• **DIRECTIONS**
Print the lines below word for word, beginning with the first and ending with the line that holds "1028 E 146th", and skip every picture.

** DATA BLOCK follows **

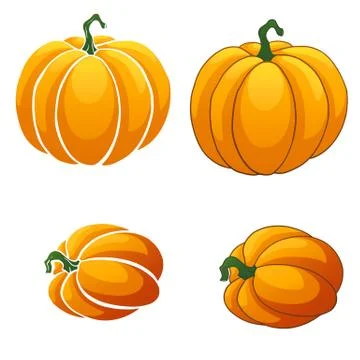 Pumpkin isolated on white background Stock Illustration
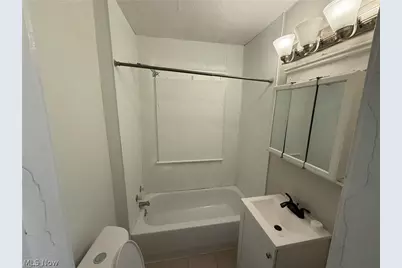 1028 E 146th Street, Loveland, OH 44110 - Photo 9
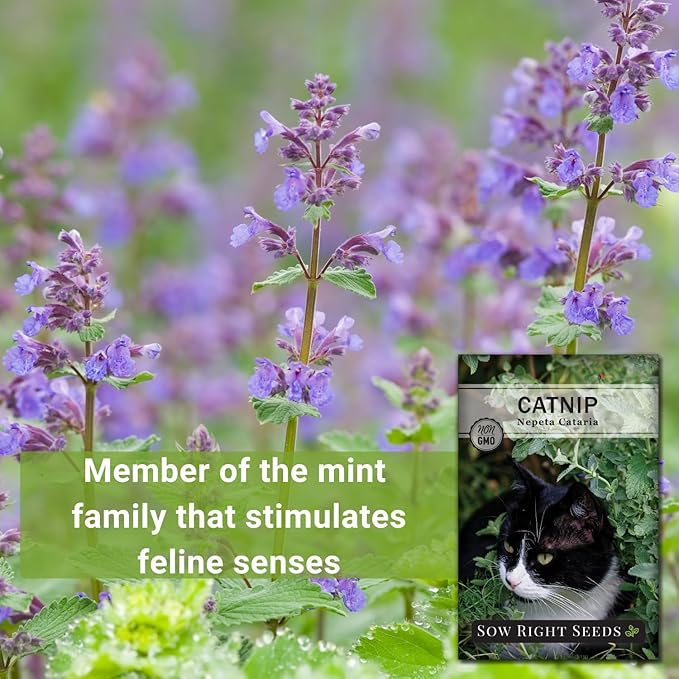 Sow Right Seeds - Catnip Seed for Planting - Popular Herb for Happy Cats - Non-GMO Heirloom Packet with Instructions to Plant and Grow - A Gift for The Cat Lover - Perennial Herb Indoors (2)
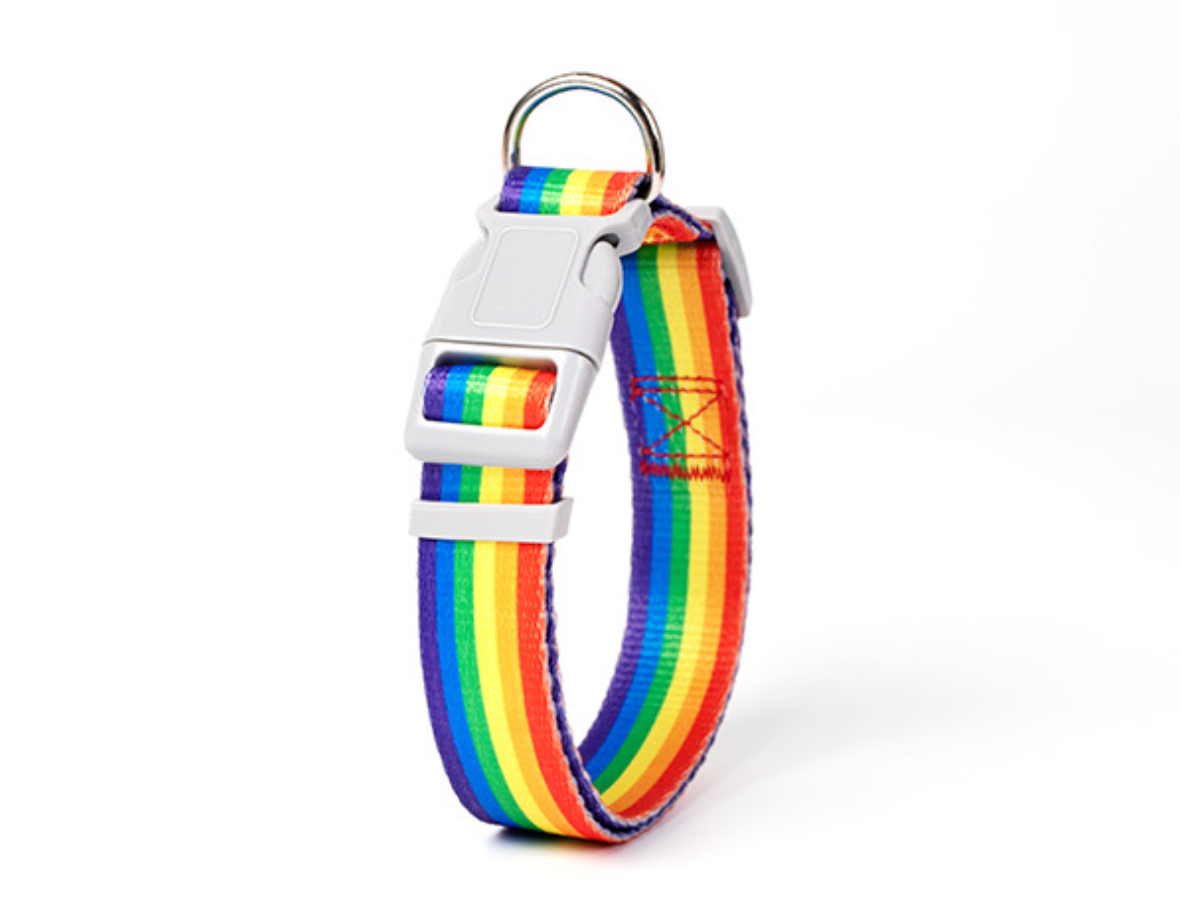 Chenpet Summer New Design Breathable Pet Collars Dog Leashes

** End of DATA BLOCK **

• **WRITTEN SOLUTION**
 Pumpkin isolated on white background Stock Illustration
 1028 E 146th Street, Loveland, OH 44110 - Photo 9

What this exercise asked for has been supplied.